SIRTE, Libya - U.N. Secretary-General Ban Ki-moon said Saturday his goal is to reach a final political settlement to end the four-year conflict in Darfur, as he arrived in the hometown of Libyan leader Moammar Gadhafi to discuss upcoming peace negotiations.
Ban announced Thursday that Libya will host the talks set for Oct. 27 and he again praised the country's important mediating role in organizing two meetings with Darfur rebel groups earlier this year. The U.N. chief also made clear he wants these negotiations to produce results.
"First and foremost, we must have (the) Tripoli meeting a success," Ban said. "We'd like to make it the final phase of political negotiations. That's our goal. We'll all try our best efforts."
Ban's stop in Libya was the last in a three-nation tour to promote an end to the protracted conflict in Sudan's Darfur region.
More than 200,000 people have died and 2.5 million have been uprooted since ethnic African rebels in Darfur took up arms against the Arab-dominated Sudanese government in 2003, accusing it of decades of neglect. Sudan's government is accused of retaliating by unleashing a militia of Arab nomads known as the janjaweed - a charge it denies.
The secretary-general, who has made peace in Darfur a top priority since taking the reins of the U.N. on Jan. 1, spent four days in Sudan - including a brief visit to a camp for some of the millions forced to flee their homes.
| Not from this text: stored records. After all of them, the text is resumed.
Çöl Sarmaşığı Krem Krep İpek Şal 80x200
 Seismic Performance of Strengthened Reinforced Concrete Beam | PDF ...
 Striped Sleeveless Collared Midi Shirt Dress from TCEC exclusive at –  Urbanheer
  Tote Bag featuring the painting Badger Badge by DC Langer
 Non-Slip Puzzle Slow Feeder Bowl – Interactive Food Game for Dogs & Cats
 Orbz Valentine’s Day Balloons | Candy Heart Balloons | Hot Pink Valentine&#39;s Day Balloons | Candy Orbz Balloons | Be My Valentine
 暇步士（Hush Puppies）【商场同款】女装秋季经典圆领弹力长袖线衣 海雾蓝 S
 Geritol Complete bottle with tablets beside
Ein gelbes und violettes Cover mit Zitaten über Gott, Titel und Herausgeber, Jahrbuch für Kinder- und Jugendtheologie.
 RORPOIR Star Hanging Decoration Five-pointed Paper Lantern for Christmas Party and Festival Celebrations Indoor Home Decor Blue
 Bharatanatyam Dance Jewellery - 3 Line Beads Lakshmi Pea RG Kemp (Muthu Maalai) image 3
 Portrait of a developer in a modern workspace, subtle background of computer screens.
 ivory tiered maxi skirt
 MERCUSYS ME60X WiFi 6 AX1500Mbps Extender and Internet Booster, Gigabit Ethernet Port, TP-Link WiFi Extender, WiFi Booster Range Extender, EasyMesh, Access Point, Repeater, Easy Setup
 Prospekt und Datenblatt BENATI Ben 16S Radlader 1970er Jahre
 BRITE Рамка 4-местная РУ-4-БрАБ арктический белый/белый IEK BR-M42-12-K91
He then flew to Chad, which has been seriously affected by the spillover of the Darfur violence.
U.N. envoy Jan Eliasson and African Union envoy Salim Ahmed Salim have been spearheading international efforts to get the key Darfur players back to the negotiating table and will be mediating the negotiations in Libya.
The new negotiations follow a U.N. and AU conference in Arusha, Tanzania, in early August that brought Darfur rebels together to agree on a common platform for talks on issues such as power- and wealth-sharing, security, land and humanitarian issues.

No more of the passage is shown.